Just like The Heat, the movie does do a handful of funny things. There was an enjoyable montage watching Officer Cooper grow up, studying her policeman father during ride-alongs (not sure how realistic that is, but so what).
Two great stand-up comedians – Jim Gaffigan and Mike Birbiglia – each have funny scenes with Witherspoon.
Office Cooper is a by-the-books cop in the similar vain as class president character in Election (an amazing comedy, if Anne Fletcher wants to learn how to do it right).
Cooper is relegated to evidence room duty after she thought a college student had a gun and tazed him (in a fun scene we get in a flashback). When a federal marshal (Richard T. Jones) rolls into the San Antonio town, she’s assigned to join him on a trip to Dallas to pick up the witnesses.
Vergara plays the wife, whose accent is just as annoying as in Modern Family; but it works on that show because it’s well written.
The writing in this is so lazy, we get slapstick gags; scenes like trying to escape out a bathroom window you can’t climb, or a Cadillac that swerves, causing you to drop the cell phone that you could’ve used to get help. And of course, we’re supposed to laugh at all the pairs of shoes she keeps lugging around.
Of the 50 jokes Vergara spews at the officer, only a few were funny. There was also a cute site gag where Cooper is undercover as a boy, and looks just like Justin Beiber.
Even jokes that work felt recycled. The pair try to escape from killers by saying, “She has to go to the bathroom. It’s some lady business of the tampon variety.”
Good line, but after Alicia Silverstone used a line to get out of class in Clueless, we don’t always need this gimmick used. Especially since when Vergara ruins it by adding, “Otherwise, you’ll have a crime scene in the back seat of this car.”
You wonder if guys that are going to shoot them in the head would even care about that. Although a movie like this you don’t pick apart, because nothing about it is remotely realistic.

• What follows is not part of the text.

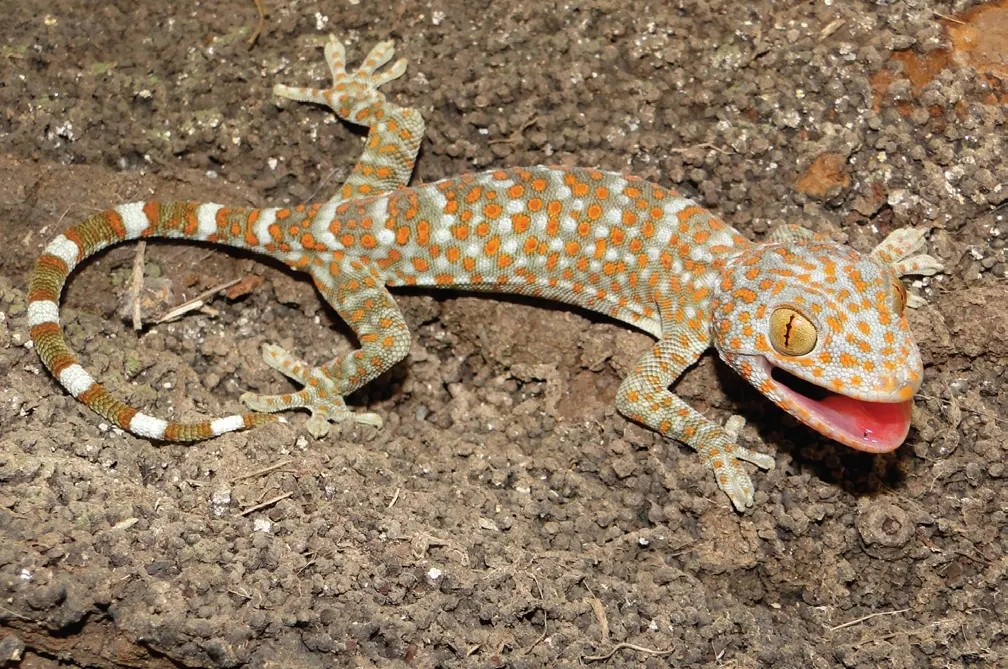 Juvenile tokay gecko hunting insects at night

At one point when Officer Cooper gets a love interest (in Thelma & Louise fashion), we think things might pick up. They don’t. When they part ways and he asks how she’ll get a hold of him, she responds, “I’ll run your plates.”
It’s a cute line that immediately made me think of another short, southern voiced female officer that did things by the book – Holly Hunter in Raising Arizona. The Coen brothers could teach Fletcher what makes small-town characters humorous. Yet perhaps I’m being hard on the director and not the two stars. After all, they’re both producers.

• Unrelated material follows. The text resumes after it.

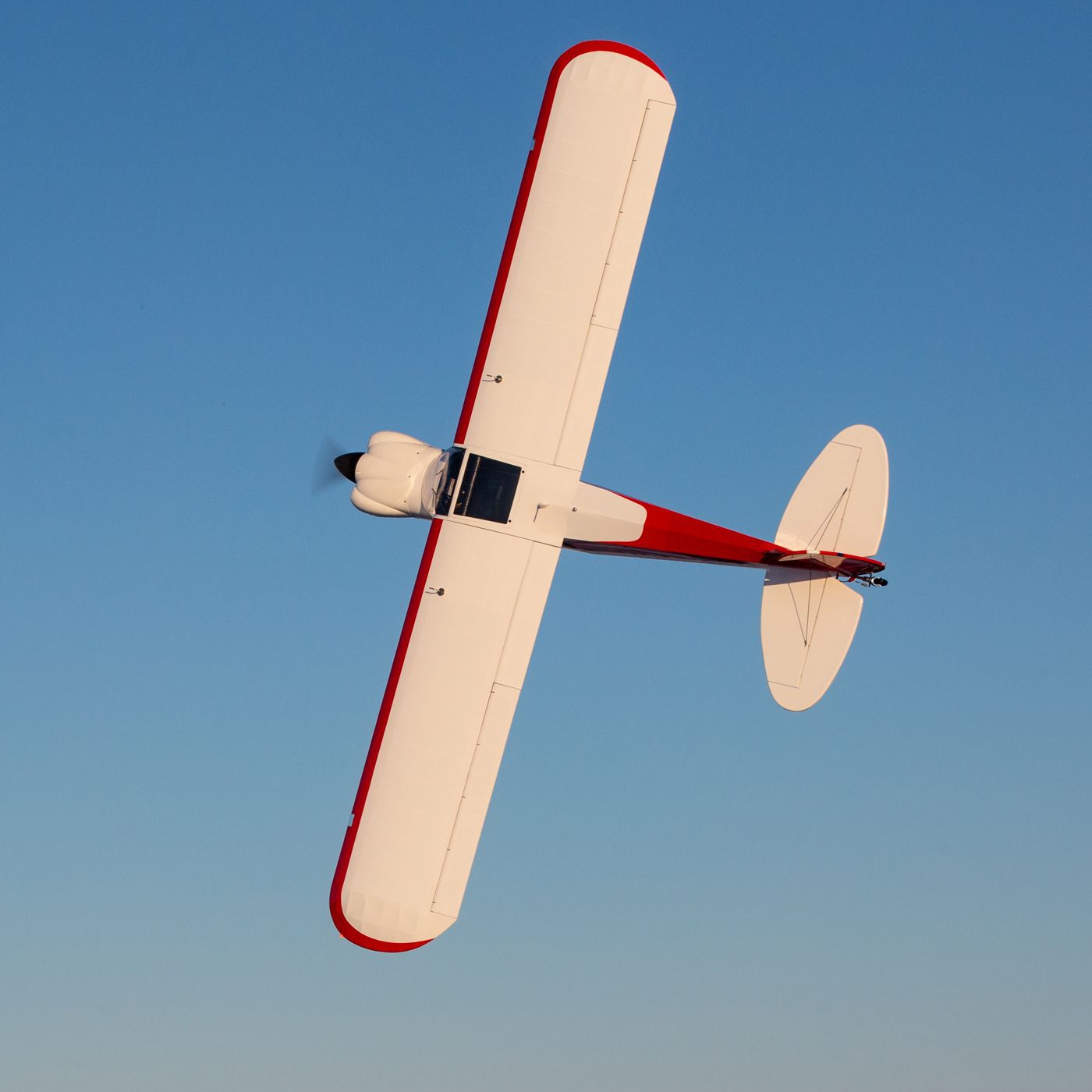 Hangar 9 CubCrafters Cub FX-3 100-200cc 165" w DLE170 170cc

Aside from a few funny lines, this movie just lacked humor or heart. Even the closing credits with the bloopers weren’t that funny.

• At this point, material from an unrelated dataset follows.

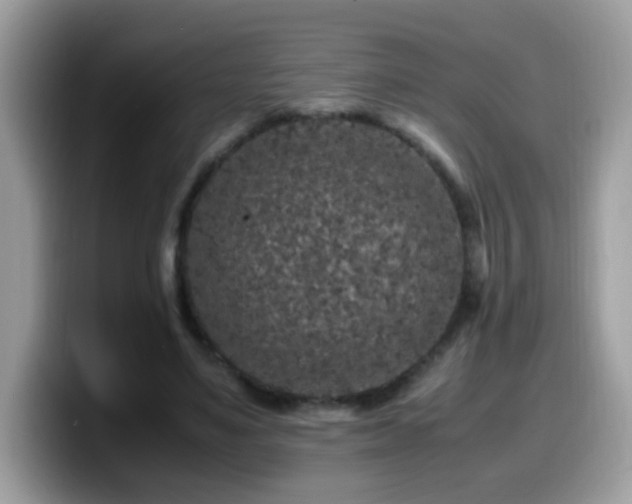 X0000099990491200805301416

Miranda Lambert did a new song for the film, and a fight scene in a hotel with Black Betty playing should’ve rocked. Now, having the movie start with American Girl would’ve been nice…had they used the Tom Petty version; although even that would make me think of the first day of school in Fast Times at Ridgemont High. This movie…you’d have to be high as Spicoli to enjoy.
It gets 1 ½ stars out of 5.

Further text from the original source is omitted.